AIM OF THE TASK:
Exact reproduction is required for the lines below starting at the line with "Chanel Vintage Pre-owned" and ending at the line with "Vince Long Sleeve Drop Shoulder Top In White", both included. No other lines, and no pictures.

(Brief descriptive captions)
######

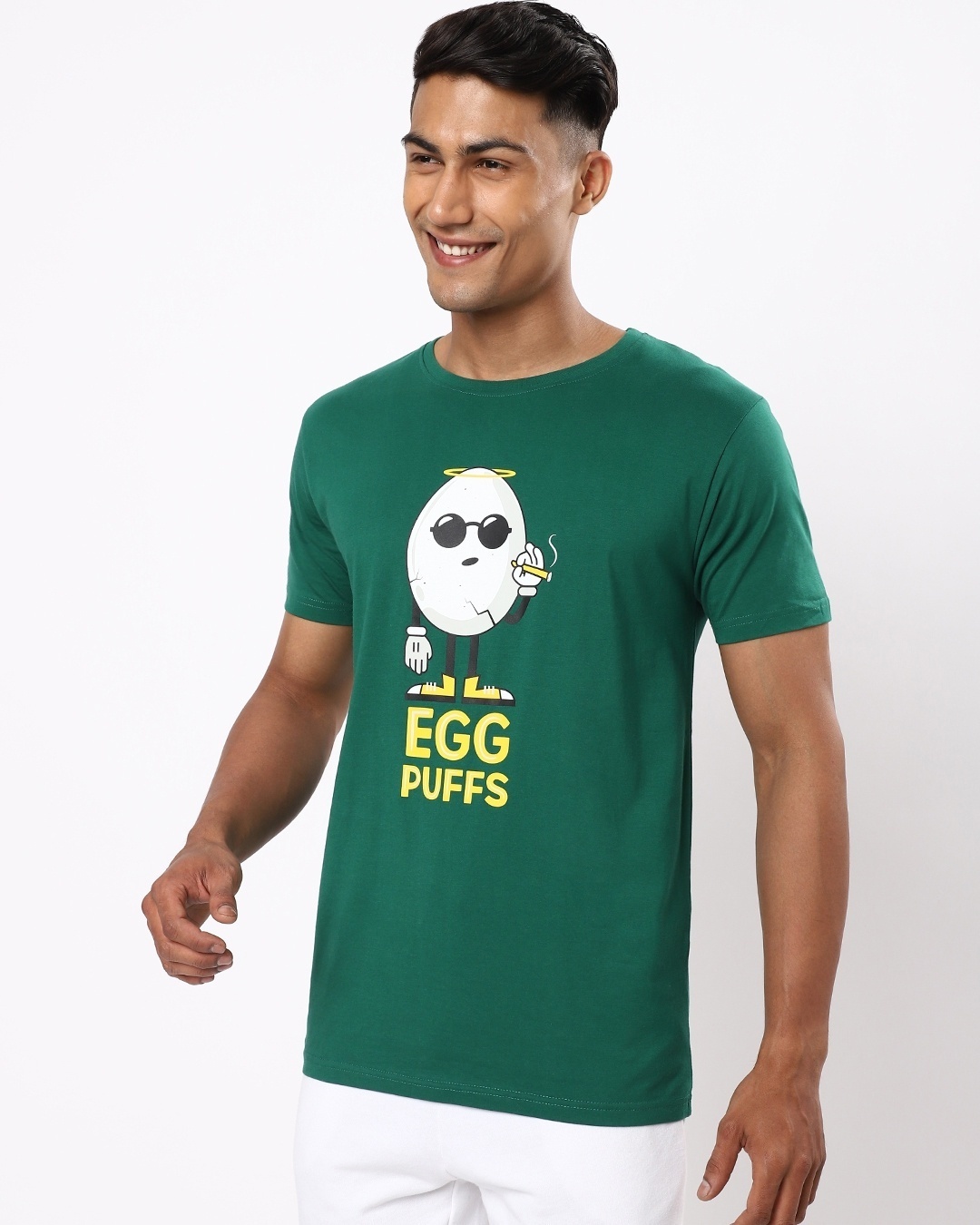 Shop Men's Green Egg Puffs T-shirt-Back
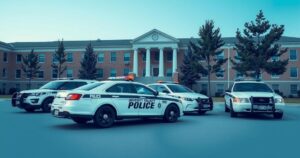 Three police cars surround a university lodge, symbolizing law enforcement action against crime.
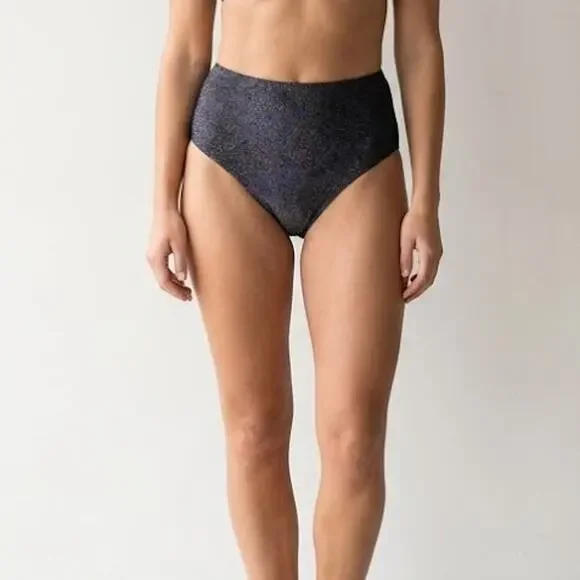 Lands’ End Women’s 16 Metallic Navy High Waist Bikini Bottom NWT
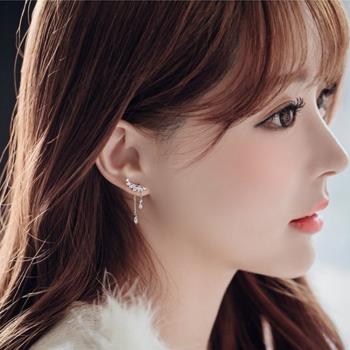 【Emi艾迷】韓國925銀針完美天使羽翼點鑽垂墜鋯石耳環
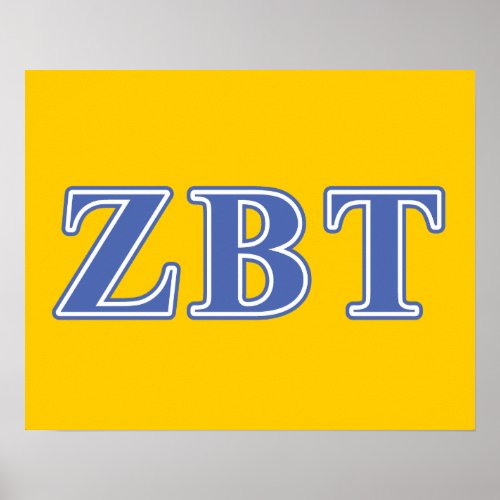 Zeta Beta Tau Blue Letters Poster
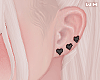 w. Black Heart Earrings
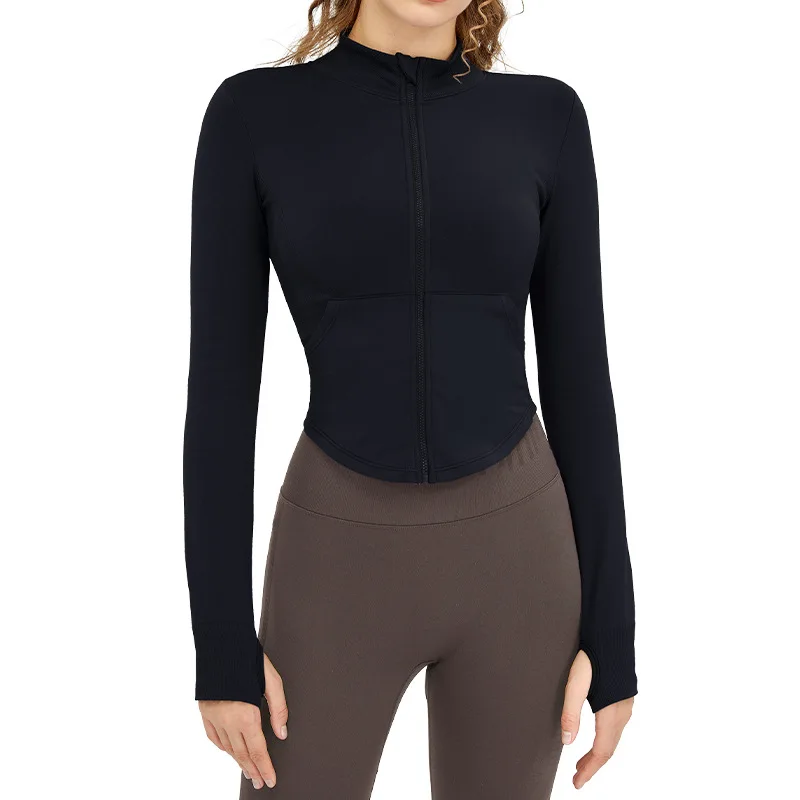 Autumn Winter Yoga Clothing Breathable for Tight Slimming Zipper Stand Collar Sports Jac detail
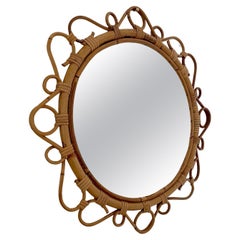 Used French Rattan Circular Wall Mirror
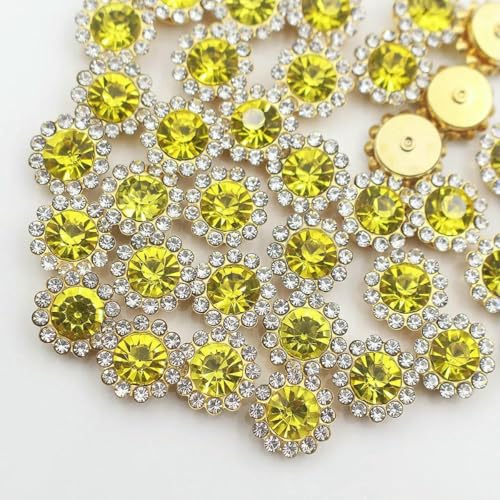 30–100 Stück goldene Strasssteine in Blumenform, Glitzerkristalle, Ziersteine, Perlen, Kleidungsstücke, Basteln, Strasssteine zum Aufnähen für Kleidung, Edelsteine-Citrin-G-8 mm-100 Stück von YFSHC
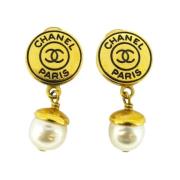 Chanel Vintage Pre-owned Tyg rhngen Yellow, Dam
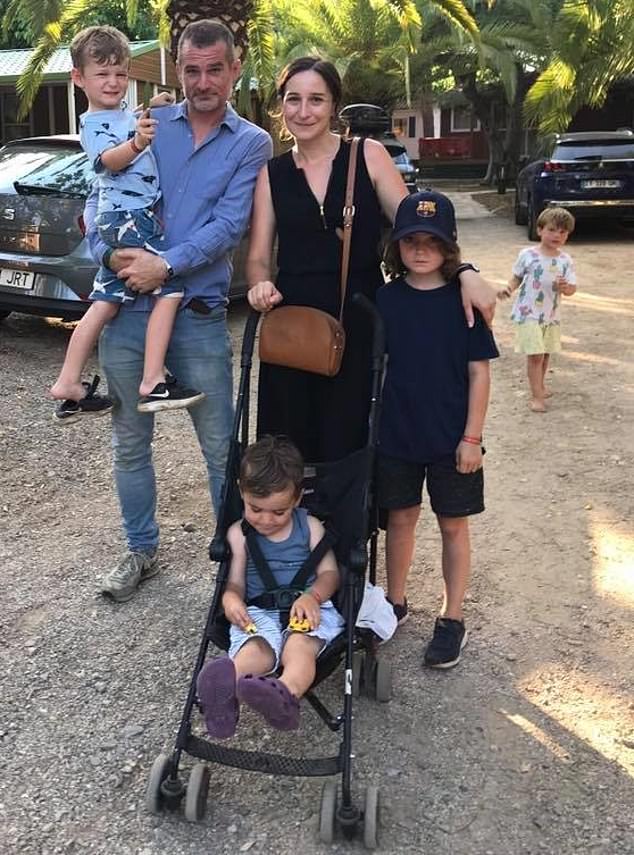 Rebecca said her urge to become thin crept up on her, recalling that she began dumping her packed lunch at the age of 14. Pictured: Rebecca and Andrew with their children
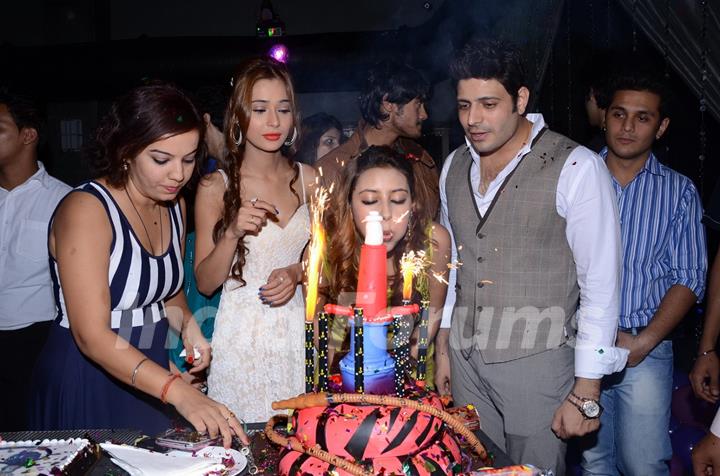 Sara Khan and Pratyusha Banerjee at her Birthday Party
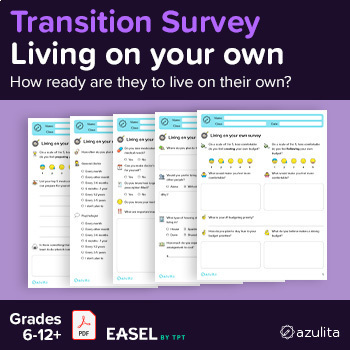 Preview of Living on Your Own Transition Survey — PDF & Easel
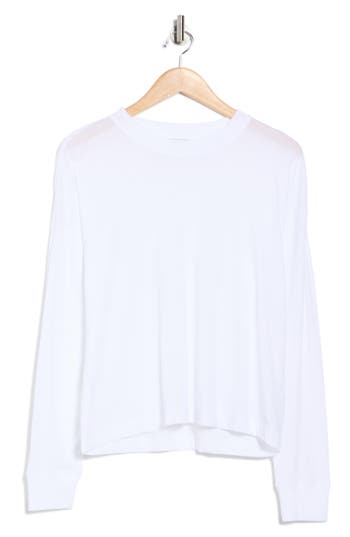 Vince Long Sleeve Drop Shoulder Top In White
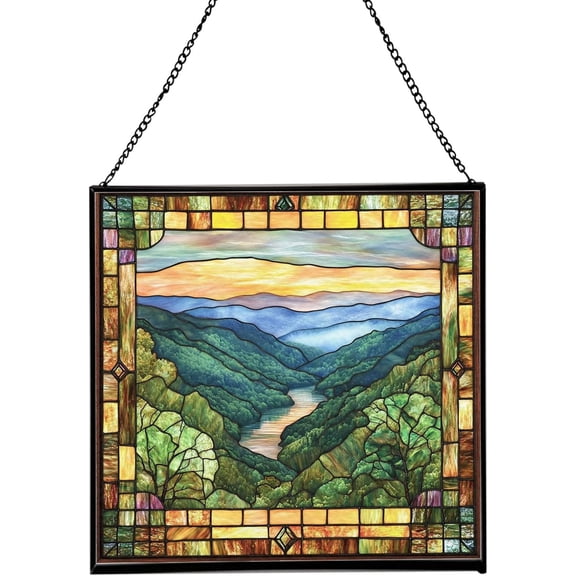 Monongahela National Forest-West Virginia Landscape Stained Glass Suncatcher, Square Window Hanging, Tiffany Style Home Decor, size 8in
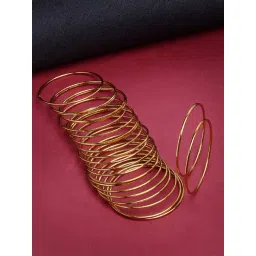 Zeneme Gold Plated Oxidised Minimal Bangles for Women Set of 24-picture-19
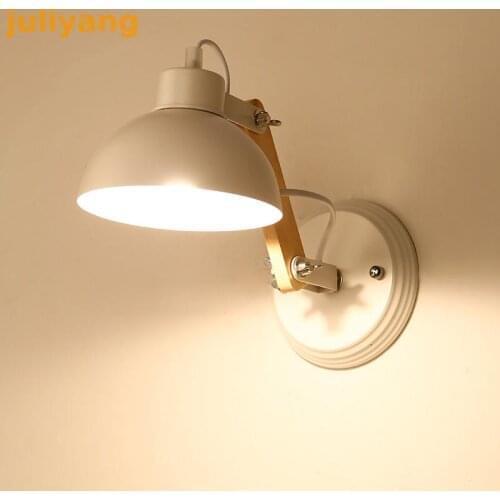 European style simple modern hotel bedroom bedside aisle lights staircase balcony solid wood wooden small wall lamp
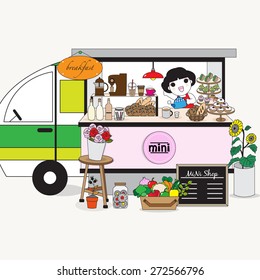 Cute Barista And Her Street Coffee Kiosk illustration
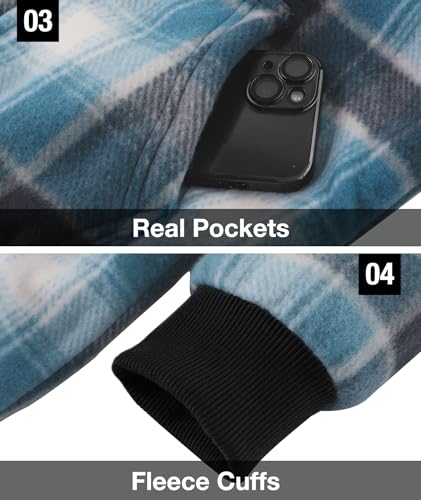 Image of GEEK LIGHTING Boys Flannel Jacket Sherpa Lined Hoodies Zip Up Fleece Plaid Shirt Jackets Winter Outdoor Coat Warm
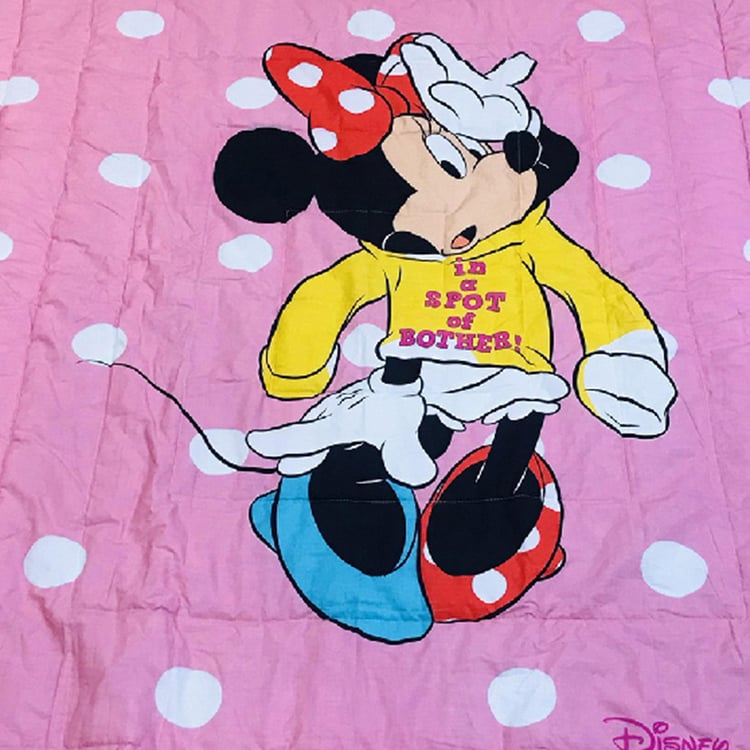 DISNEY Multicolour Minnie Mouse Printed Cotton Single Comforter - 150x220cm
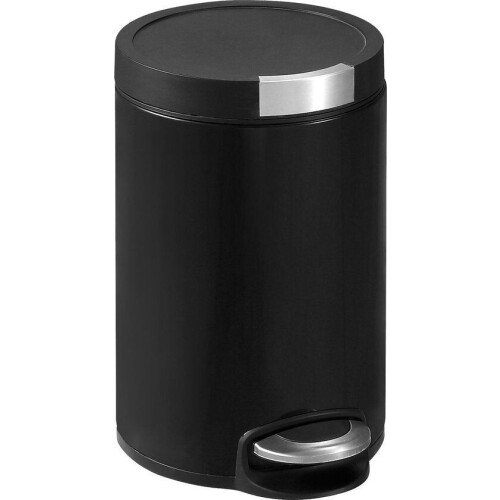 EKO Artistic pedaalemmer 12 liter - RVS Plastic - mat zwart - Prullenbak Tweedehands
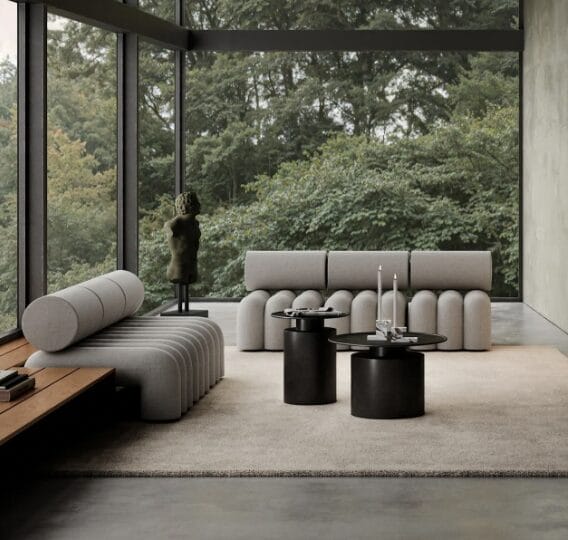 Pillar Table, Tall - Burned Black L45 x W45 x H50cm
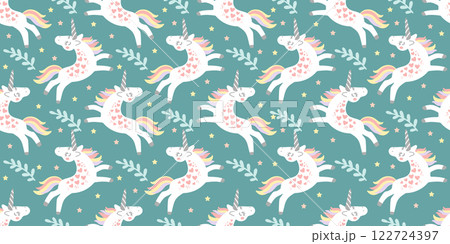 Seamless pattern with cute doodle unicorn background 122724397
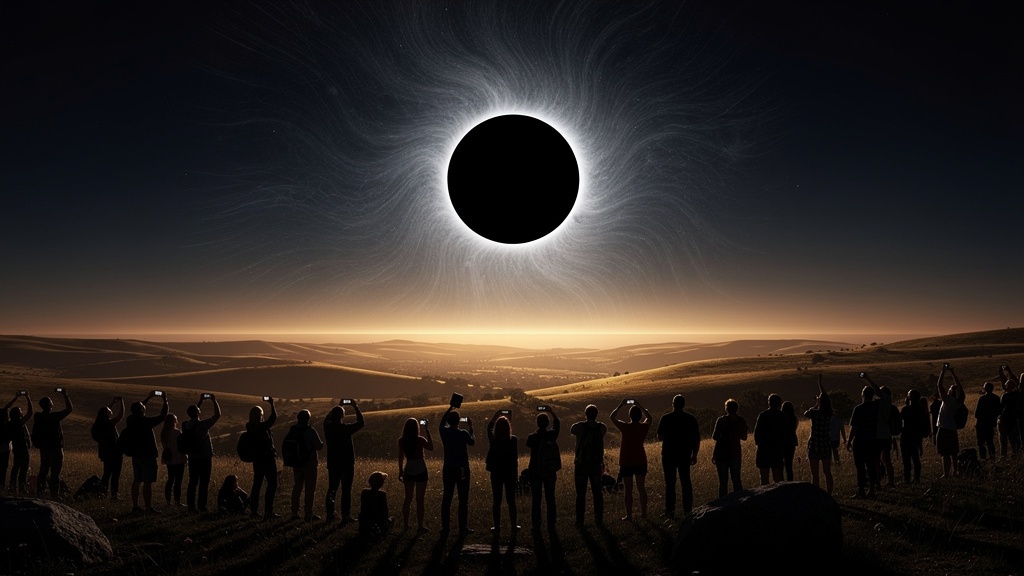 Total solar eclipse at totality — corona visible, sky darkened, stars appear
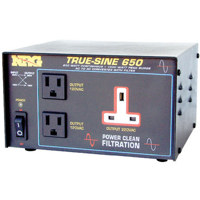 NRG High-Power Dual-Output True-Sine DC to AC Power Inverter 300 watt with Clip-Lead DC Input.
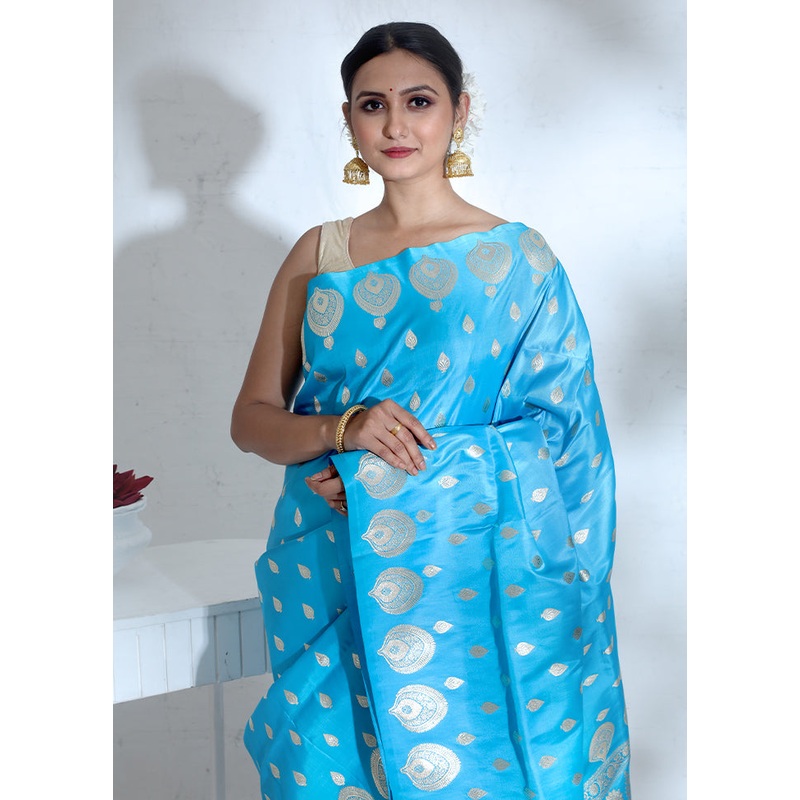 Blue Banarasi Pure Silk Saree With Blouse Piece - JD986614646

######

REPLY:
 Chanel Vintage Pre-owned Tyg rhngen Yellow, Dam
 Rebecca said her urge to become thin crept up on her, recalling that she began dumping her packed lunch at the age of 14. Pictured: Rebecca and Andrew with their children
 Sara Khan and Pratyusha Banerjee at her Birthday Party
 Preview of Living on Your Own Transition Survey — PDF & Easel
 Vince Long Sleeve Drop Shoulder Top In White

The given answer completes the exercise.